Another thing in my posted link I found interesting was this:
Cr is derived from glycine and arginine by the formation of guanidinoacetate and ornithine in a reaction catalyzed by arginine:glycine amidino-transferase (AGAT) (Walker, 1979; Wyss and Kaddurah-Daouk, 2000).
I think the glycine in the Mg is helping people in the formation of creatine. In my case, I wasn't low intracelluarly in Mg, but I was low in glycine in serum. I think I will concentrate on glycine and creatine for a while, and see what I find.
I didn't use to be a big pop drinker, even before starting Paleo, and I don't think that's a good way for people to get their pho., because of the high content of sugar, however I find it strange that I converted on pop 3-4 times, and believe me when I say, it's hard to convert atrial flutter.
The article goes on to say:
Animal Studies. The effects of Cr on cardiac tissue have been investigated. A study by Sharov et al. (1987) showed a protective effect of PCr on cardiac tissue following ischemia. Using rabbit hearts, PCr was administered intravenously either before and during cardiac artery ligation or 30 min post-ligation. These investigators found a reduction in necrotic zone under both PCr treatments compared with controls (Fig. 4).
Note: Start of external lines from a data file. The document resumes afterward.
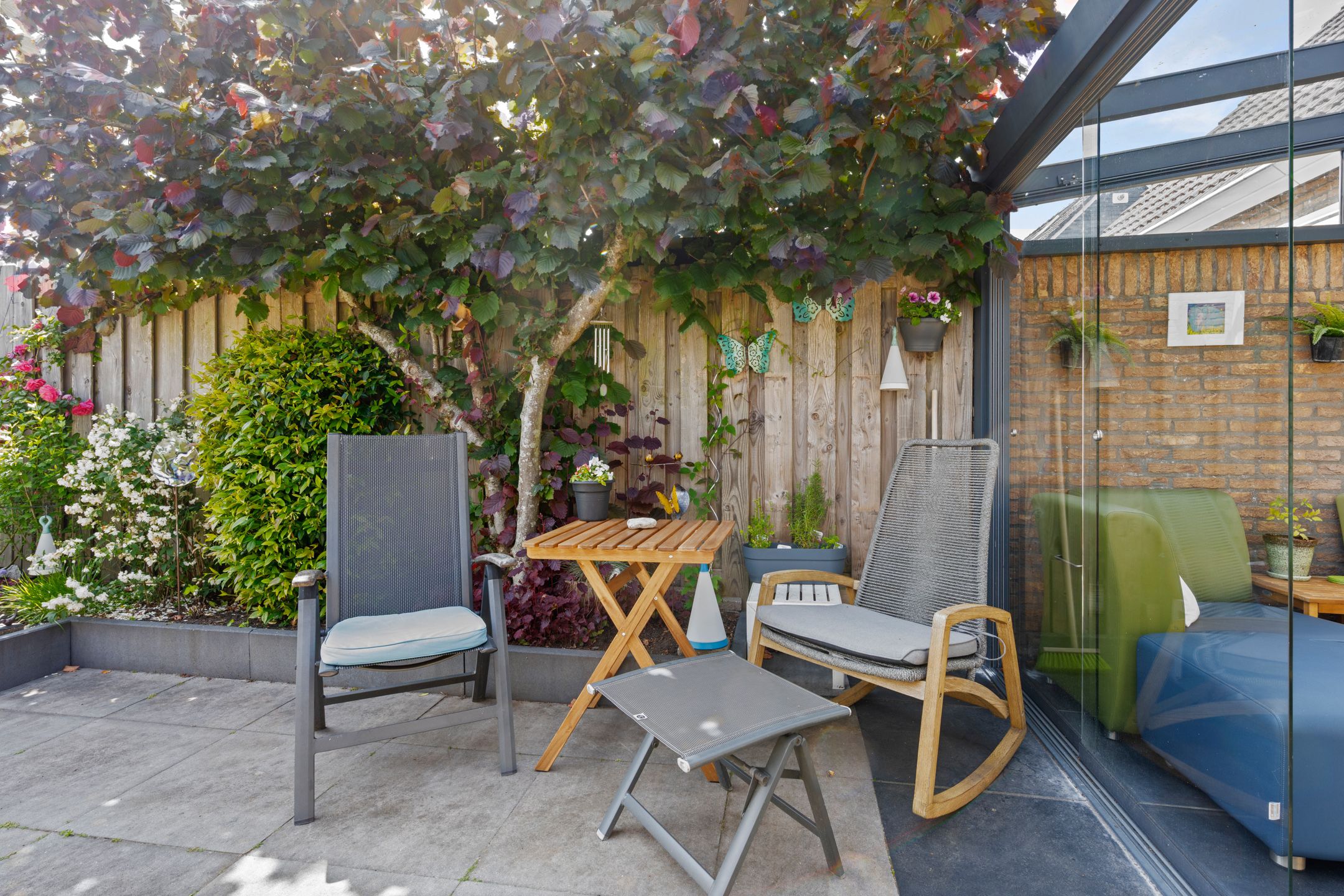 Foto 57 van Keurnotenlaan 9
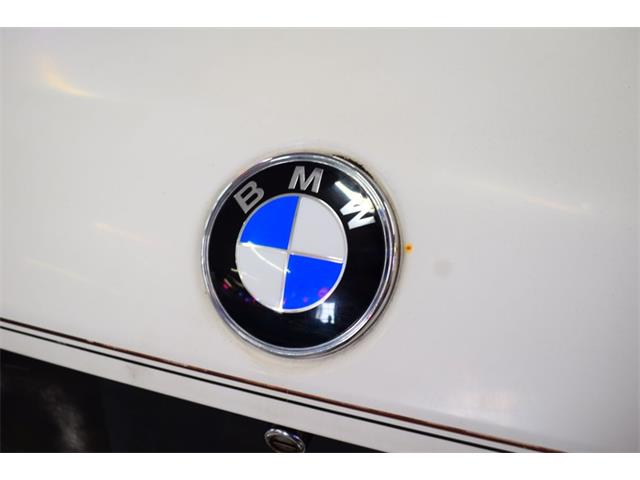 1985 BMW 635csi (CC-2067978) for sale in Wayne, Michigan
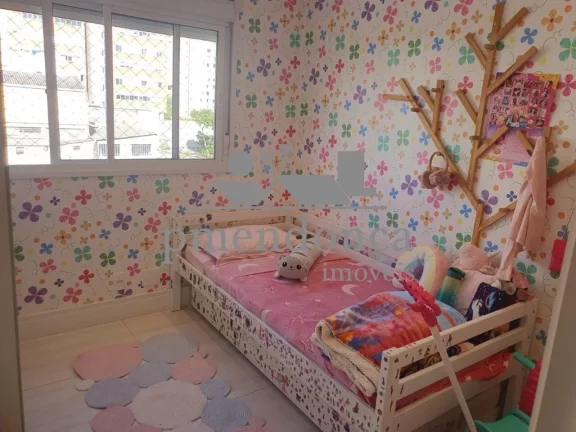 Imagem Apartamento em localização excelente próximo da Estação Vila Madalena, 78m²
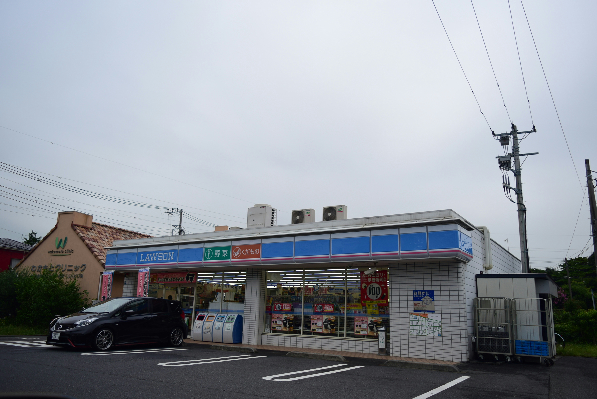 プラーズ追分 周辺画像3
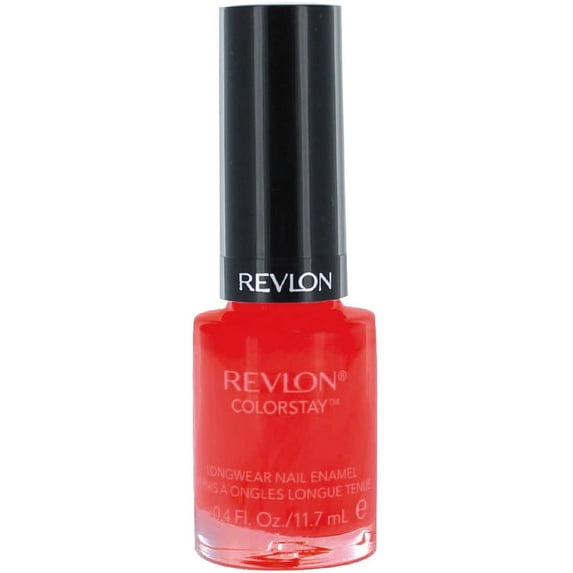 Revlon Revlon ColorStay Nail Enamel, 0.4 oz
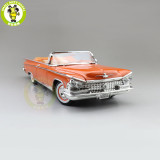 1/18 Buick 1959 ELECTRA 225 Road Signature Diecast Model Car Toys Boys Girls Gift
Ruda et al. (1988) found that PCr administration reduced ventricular arrhythmia after acute myocardial infarctions, but the effects of Cr on cardiac tissue are still unclear. Other studies have also shown PCr to possess anti-arrhythmic activities (Rosenshtraukh et al., 1988). Feeding Cr to healthy rats or rats after a myocardial infarction failed to increase intramuscular Cr (Horn et al., 1998). The b-blocker bispropolol has been shown to increase total cardiac Cr up to 40% (Laser et al., 1996). The ability to increase Cr and related energetics in heart tissue may be one beneficial mechanism of the action of b-blocker therapy (Laser et al., 1996). Ingwall et al. (1985) have also shown that diseased myocardium has lower Cr content. Supplementation with Cr has also provided protection to cardiac tissue from metabolic stress (Constantin-Teodosiu et al., 1995)
This is where I get confused, because when taking beta blockers, I became extremely fatigued, and my heart was fighting constantly to stay in rhythm. I wasn't taking bispropolol, however, only toprol, so I wonder what the difference is. I'll do a search and see what I find.
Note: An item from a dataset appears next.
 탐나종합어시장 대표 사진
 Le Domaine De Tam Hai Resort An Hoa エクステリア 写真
Thank you for finding that link, Joe. By the way, my daughter's party was a success, and she had a wonderful time. My day didn't go so well, because I went out of rhythm. I was exerting a lot more energy helping get things ready. Hmmm??? I converted using extra flec, but it took a while. I'm now reassessing my supplementing regimen, esp. in light of these articles and Kjell provoking thoughts on my craziness. Thanks Kjell, if you're reading and I hope you are. I'm only going to concentrate on what I know I was low in, which was B12, folate, molybdenum, C because I know how important that is daily, E, a few other necessary nutrients, and phosphorous and/or glycine. I'm concentrating today, on my changes, more in depth. Had I stayed in rhythm, this wouldn't have been an issue.